Stability guarantees

See docs/V1-PREP.md for the full field-by-field
v1 status table. In summary:

  • CRD fields are under semver.
  • Internal packages (internal/...) are not importable; layout
    may change.
  • REST API JSON shape tracks the CRD; additive changes are non-breaking.
  • Helm chart values are additive-compatible; new opt-in keys don't
    require a major.
  • Audit log table schema is operator-owned; no external reads.

Deprecation policy (going forward)

Fields deprecate for one minor version before removal, marked with
// Deprecated: and +kubebuilder:deprecatedversion:warning.
Renames run the new and old field in parallel for one minor with the
new winning.

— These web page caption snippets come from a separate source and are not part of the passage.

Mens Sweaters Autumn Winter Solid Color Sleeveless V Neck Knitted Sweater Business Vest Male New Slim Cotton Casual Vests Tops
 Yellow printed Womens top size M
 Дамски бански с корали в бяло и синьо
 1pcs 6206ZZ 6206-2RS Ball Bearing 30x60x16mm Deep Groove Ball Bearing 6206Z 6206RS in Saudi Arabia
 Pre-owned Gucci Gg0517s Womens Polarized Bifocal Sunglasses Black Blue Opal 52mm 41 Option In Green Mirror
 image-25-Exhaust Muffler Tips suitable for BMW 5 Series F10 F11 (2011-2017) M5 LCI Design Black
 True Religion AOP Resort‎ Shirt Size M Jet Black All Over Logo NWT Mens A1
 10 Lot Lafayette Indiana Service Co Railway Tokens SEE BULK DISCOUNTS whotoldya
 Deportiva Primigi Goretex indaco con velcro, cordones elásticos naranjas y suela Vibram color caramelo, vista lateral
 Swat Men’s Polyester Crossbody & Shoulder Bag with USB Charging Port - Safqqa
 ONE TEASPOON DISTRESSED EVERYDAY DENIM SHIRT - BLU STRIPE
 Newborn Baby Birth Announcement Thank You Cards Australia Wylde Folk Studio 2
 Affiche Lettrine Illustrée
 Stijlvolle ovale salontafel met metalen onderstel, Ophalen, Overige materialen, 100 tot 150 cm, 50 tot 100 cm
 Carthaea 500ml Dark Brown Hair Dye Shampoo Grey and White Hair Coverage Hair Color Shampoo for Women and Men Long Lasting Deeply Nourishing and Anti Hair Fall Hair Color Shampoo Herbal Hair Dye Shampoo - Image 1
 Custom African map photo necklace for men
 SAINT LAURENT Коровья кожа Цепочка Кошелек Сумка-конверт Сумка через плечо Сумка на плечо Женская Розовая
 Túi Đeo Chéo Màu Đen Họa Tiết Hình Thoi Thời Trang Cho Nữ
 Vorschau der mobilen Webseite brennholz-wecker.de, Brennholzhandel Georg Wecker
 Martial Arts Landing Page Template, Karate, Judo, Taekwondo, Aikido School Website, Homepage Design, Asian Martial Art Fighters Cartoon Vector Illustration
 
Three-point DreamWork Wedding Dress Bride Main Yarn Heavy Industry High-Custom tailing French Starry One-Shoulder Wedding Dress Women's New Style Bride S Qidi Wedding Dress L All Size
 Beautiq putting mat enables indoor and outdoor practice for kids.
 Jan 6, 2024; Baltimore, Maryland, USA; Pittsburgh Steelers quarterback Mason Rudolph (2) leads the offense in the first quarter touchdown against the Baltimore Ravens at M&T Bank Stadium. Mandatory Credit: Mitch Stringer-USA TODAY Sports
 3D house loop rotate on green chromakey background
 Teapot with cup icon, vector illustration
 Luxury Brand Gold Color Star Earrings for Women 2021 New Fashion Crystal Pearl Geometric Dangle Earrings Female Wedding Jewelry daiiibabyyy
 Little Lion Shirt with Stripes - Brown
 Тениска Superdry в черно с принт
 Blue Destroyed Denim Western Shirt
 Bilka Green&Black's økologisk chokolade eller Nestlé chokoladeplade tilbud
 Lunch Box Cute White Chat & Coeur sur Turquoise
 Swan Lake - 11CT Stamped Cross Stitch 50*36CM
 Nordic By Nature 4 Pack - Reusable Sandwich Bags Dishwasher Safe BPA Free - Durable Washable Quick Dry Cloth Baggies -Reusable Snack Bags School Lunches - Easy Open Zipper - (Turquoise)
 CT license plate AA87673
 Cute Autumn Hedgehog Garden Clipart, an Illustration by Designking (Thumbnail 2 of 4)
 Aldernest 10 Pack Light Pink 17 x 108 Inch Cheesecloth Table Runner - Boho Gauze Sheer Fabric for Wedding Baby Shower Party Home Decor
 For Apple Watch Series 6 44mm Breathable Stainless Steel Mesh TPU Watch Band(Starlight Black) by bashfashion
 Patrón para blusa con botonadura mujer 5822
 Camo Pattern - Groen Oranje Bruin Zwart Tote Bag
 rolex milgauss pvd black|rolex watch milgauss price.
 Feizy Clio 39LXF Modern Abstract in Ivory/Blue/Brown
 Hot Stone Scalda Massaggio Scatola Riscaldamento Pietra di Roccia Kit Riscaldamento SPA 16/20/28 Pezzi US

Schema removals require a major bump.

Stats

  • 12 shipped releases under v0.x before v1.0
  • 10 of those 12 caught a real bug via kind verification
  • Final kind pass before v1.0 tag: zero bugs
  • Coverage: internal/controller 75%, internal/webhook 76%,
    pkg/api 56%

v0.11.0

13 Apr 17:16

Choose a tag to compare

0.11.0 — 2026-04-14

Breaking schema change in preparation for v1.0 — see
docs/V1-PREP.md. The only intentional breaking
change planned for v1; landing it now lets v1 promote in place.

Changed (breaking)

  • PrometheusCluster.spec.additionalScrapeConfigs is no longer a bare
    string. It is now a struct with mutually-exclusive sub-fields:
    • inline (string) — same content as the old field, wrapped under
      scrape_configs: in the operator-managed ConfigMap.
    • secretRef (corev1.SecretKeySelector) — Secret whose value is a
      complete Prometheus scrape config file (must already include
      scrape_configs:). Mounted at /etc/prometheus/extra-secret/<key>.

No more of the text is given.